Jamais elles ne quittaient la maison sans être accompagnées d’un domestique ou d’une gouvernante ; mais en voyant tout le monde occupé, Sophie profita de la circonstance pour se glisser seule hors de l’appartement. Aniouta, sa complice, la conduisit jusqu’à l’escalier, et fit bonne garde à la porte jusqu’à ce que sa sœur fût hors de vue ; elle rentra ensuite dans sa chambre, le cœur battant, pour mettre la robe bleu de ciel qui lui avait été préparée pour le dîner.
Le jour tombait ; quelques réverbères s’allumaient peu à peu ; Sonia, le voile baissé, son baschlik attaché jusqu’au menton, marchait d’un pas timide le long des rues, presque désertes à cette heure, où jamais elle ne s’était trouvée seule. Son cœur battait de l’émotion fébrile qui accompagne toute entreprise hardie, et leur donne tant d’attrait dans la jeunesse ; il lui semblait être une héroïne de roman, elle, la petite Sonia, l’ombre de sa sœur jusque-là ! Et il ne s’agissait pas d’un banal roman d’amour, comme ceux qu’elle méprisait tant, et dont la littérature est pleine ; de son petit pas saccadé, rapide et rythmé, elle volait à un rendez-vous qui n’avait rien d’amoureux, et lorsqu’elle monta haletante l’escalier sombre d’une maison sordide, située dans une ruelle écartée, sa terreur folle et enfantine de l’obscurité n’était guère sentimentale. Elle frappa trois petits coups nerveux et précipités à une porte qui s’ouvrit aussitôt.
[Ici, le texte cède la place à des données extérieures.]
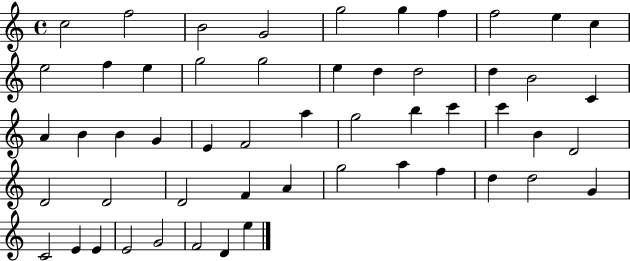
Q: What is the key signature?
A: C major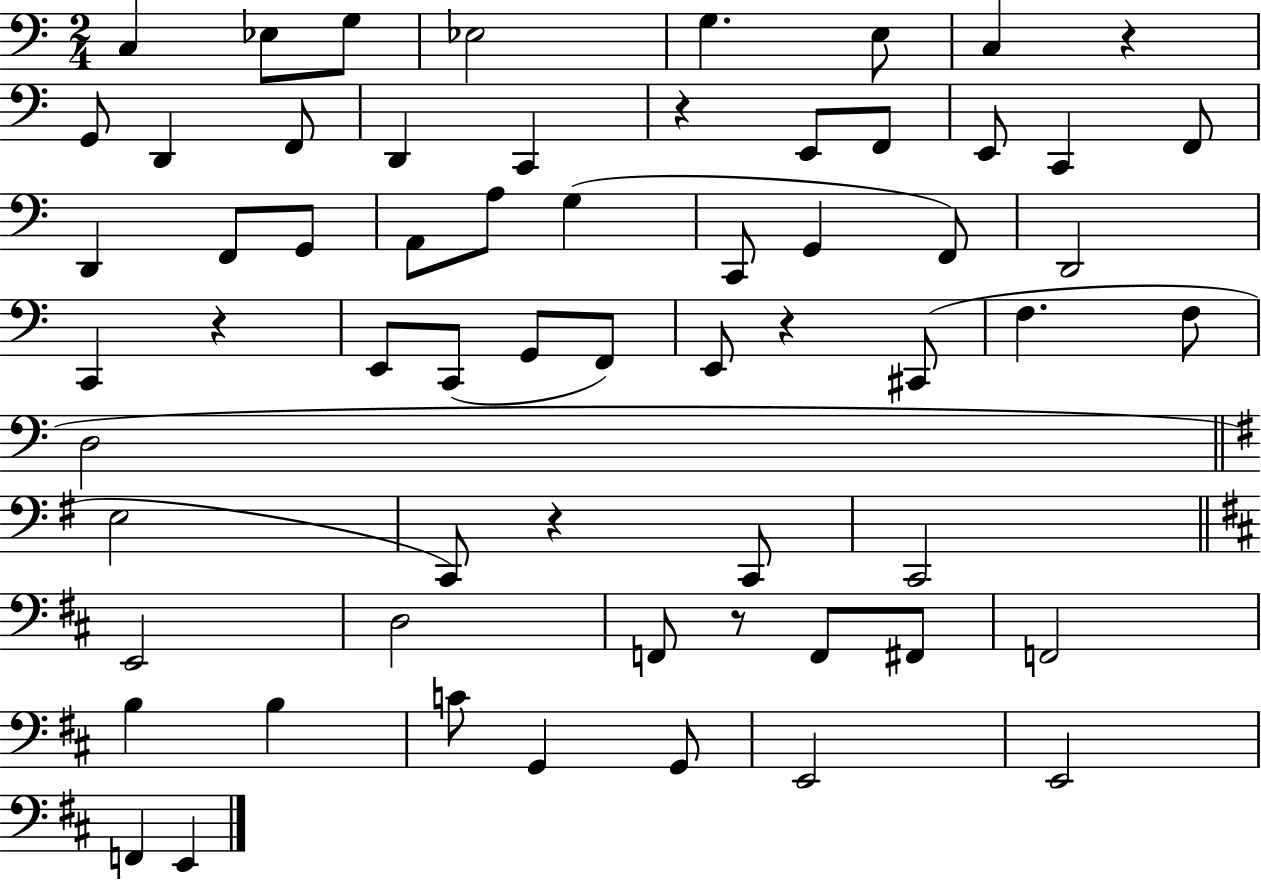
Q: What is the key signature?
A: C major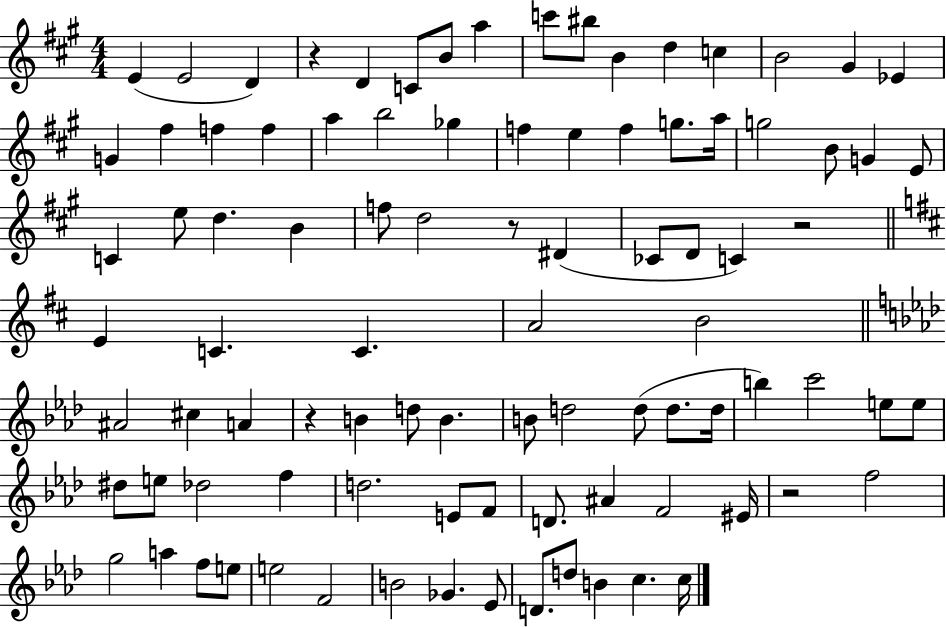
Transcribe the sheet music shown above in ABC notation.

Sonia était évidemment attendue, et Kovalewsky l’introduisit dans une modeste chambre d’étudiant, où les livres s’entassaient sur tous les meubles ; un vieux divan semblait en avoir été débarrassé uniquement pour faire place à la nouvelle venue.
Le jeune homme ne ressemblait pas à un héros de roman. Une épaisse barbe rousse, et un énorme nez, le faisaient paraître laid au premier abord ; mais le regard de ses yeux bleu foncé, à l’expression intelligente et douce, exerçait vite un grand charme. Son attitude envers la jeune fille, qui venait si singulièrement se confier à lui, fut celle d’un frère aîné.
Les deux jeunes gens attendirent en proie à une vive émotion ; plus d’une fois Sophie sauta du divan en croyant entendre précipitamment monter quelqu’un.
Pendant ce temps, le Général et sa femme, rentrés assez tard, n’eurent que le temps de changer de toilette avant le dîner, et ne remarquèrent pas l’absence de leur fille cadette ; ils ne s’en aperçurent que lorsque tout le monde fut réuni dans la salle à manger au moment de se mettre à table.
« Où est Sonia ? » demandèrent-ils tous deux à Aniouta, qui semblait ce jour-là plus imposante et plus sûre d’elle-même que jamais, malgré l’expression nerveuse et agitée de son regard provocateur.
« Elle est sortie », répondit-elle, d’une voix étouffée, dont elle cherchait vainement à dominer le tremblement, tout en évitant les yeux de son père.
« Sortie ? Que signifie cela ? Avec qui ?
— Seule, mais elle a laissé un billet sur sa toilette. »
Un domestique fut aussitôt envoyé à la recherche du billet et l’on se mit à table dans un silence de mort.
Sophie avait calculé son coup plus juste, et certainement avec plus de cruauté qu elle ne l’imaginait ; avec l’égoïsme impitoyable et inconscient de la jeunesse, elle blessait son père, par son défi enfantin, à l’endroit sensible ; car, pour cet homme si fier, rien n’était cruel comme de dévorer en présence de tous l’affront de cette escapade.
Le billet ne contenait que ces mots : « Pardonne-moi, papa ; je suis chez Voldemar et je te supplie de ne plus t’opposer à notre mariage ».
Ivan Vassiliévitch lut ces lignes en silence, et quitta la table en murmurant quelques paroles d’excuses à ses voisins.
Dix minutes après, Sophie et son compagnon d’attente, de plus en plus inquiets, entendirent des pas furieux dans l’escalier ; la porte, qui n’était pas fermée, s’ouvrit violemment, et le Général parut devant sa fille tremblante.
Vers la fin du dîner, le père et la fille, suivis de Voldemar Kovalewsky, entrèrent dans la salle à manger.
« Permettez-moi de vous présenter le fiancé de ma fille Sophie », dit Ivan Vassiliévitch d’une voix émue.